January 25, 2025 · 7 min
Getting Started with Spack on Polaris
Spack is a powerful package manager designed for HPC. Although presenting a steep learning curve, Spack can significantly benefit workflows involving frequent builds with complex dependencies. To just name a few:
-
In HPC, hardware specifics can significantly impact software performance. Spack addresses this by allowing for hardware-aware builds, unlike some package managers that aim for highly isolated build environments, which can overlook these performance-critical details.
-
Spack enables the construction of multiple versions and configurations of the same software. This is crucial in HPC environments where the officially supported versions provided by your Linux distribution doesn’t meet your needs.
-
HPC workflows often require the installation of numerous dependencies and libraries that are not typically included in standard system installations. Spack provides a structured approach to managing these dependencies (which I’ll detail below), avoiding the pitfalls of ad-hoc solutions like custom bash scripts. Spack will make it possible to reuse the work already accomplished by numerous contributors.
-
Spack allows for the easy customization of package builds. Hackability is important!
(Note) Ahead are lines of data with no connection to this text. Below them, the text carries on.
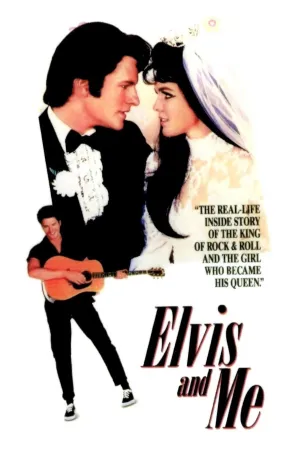Elvis and Me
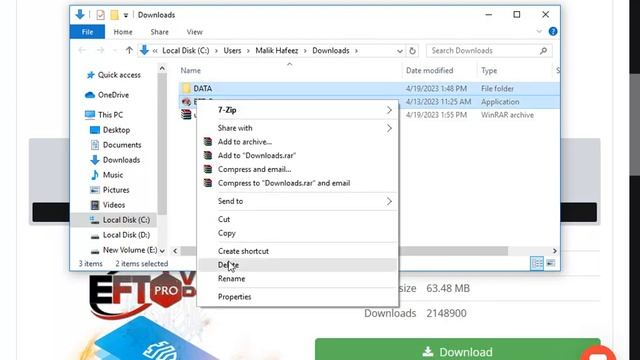 eft pro error 9 смотреть онлайн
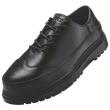 uvex 1 x-cite Halbschuhe S3L 86401 schwarz Weite 10 Größe 34 Produktbild img1 S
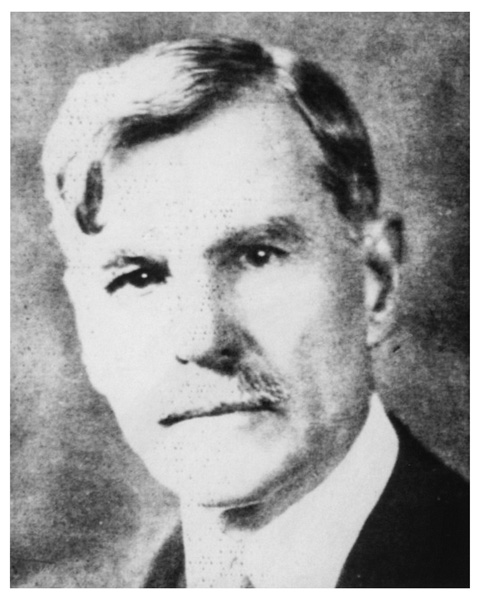 Image of William L. Russell, M.D.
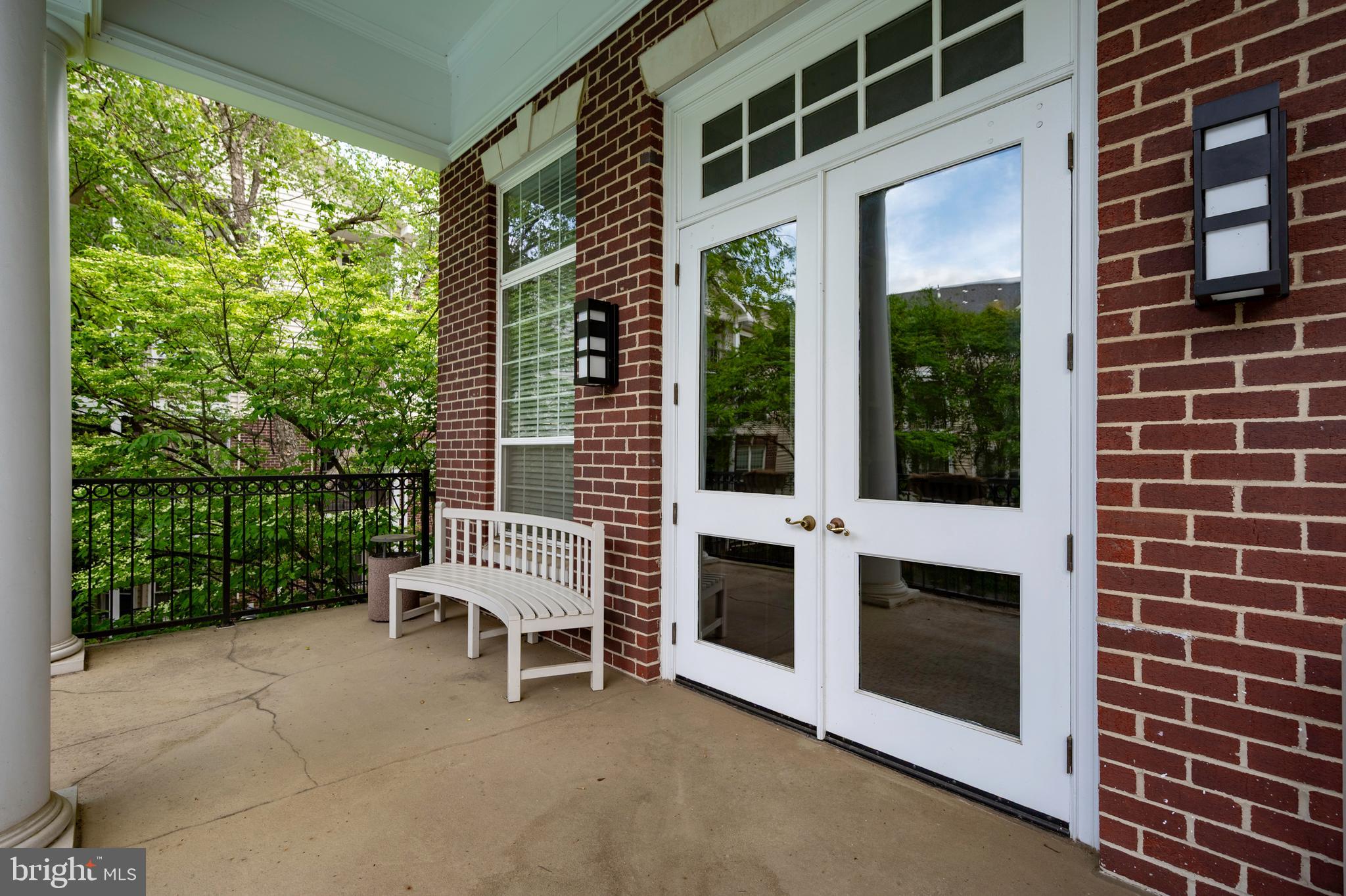 GATES OF MCLEAN - Residential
After this brief introduction to Spack, let’s move on to the specifics of the Polaris supercomputer, on which we want to install optimized packages.
Polaris Supercomputer
Polaris is hosted at the Argonne National Laboratory in Illinois. The system has a theoretical peak performance of 34 petaflops (44 petaflops of Tensor Core FP64 performance), ranking it #47 on the top 500 list as of the writing of this blog post. The system is built from 560 nodes, each with the following metrics:
Metric | Value |
---|---|
Number of AMD EPYC Milan CPUs | 1 |
Number of NVIDIA A100 GPUs | 4 |
Total HBM2 Memory | 160 GB |
HBM2 Memory BW per GPU | 1.6 TB/s |
Total DDR4 Memory | 512 GB |
DDR4 Memory BW | 204.8 GB/s |
Number of NVMe SSDs | 2 |
Total NVMe SSD Capacity | 3.2 TB |
Number of Cassini-based Slingshot 11 NICs | 2 |
PCIe Gen4 BW | 64 GB/s |
NVLink BW | 600 GB/s |
Total GPU DP Tensor Core Flops | 78 TF |
The CPU-GPU communication is performed via PCIe Gen4, offering a bandwidth of 64 GB/s, while the GPUs themselves are interconnected using NVLink, providing a 600 GB/s bandwidth. Additionally, Polaris employs the HPE Slingshot 11 interconnect with a Dragonfly topology achieving a 200 Gb/s bandwidth.
The official usage guide for Polaris is available here.
What makes this machine special?
Polaris is a Cray machine, a subsidiary of Hewlett Packard Enterprise, wich requires some Cray special sauce to behave more sanely. The Cray Programming Environment (PE) uses three compiler wrappers for building software:
cc
- C compilerCC
- C++ compilerftn
- Fortran compiler
Each of these wrappers can select a specific vendor compiler based on the PrgEnv
module loaded in the environment. Module files are an easy way to modify the environment in a controlled manner during a shell session. They contain the information needed to run an application or use a library. The module
command is used to interpret and execute module files, providing a convenient way to access system-provided packages and compilers.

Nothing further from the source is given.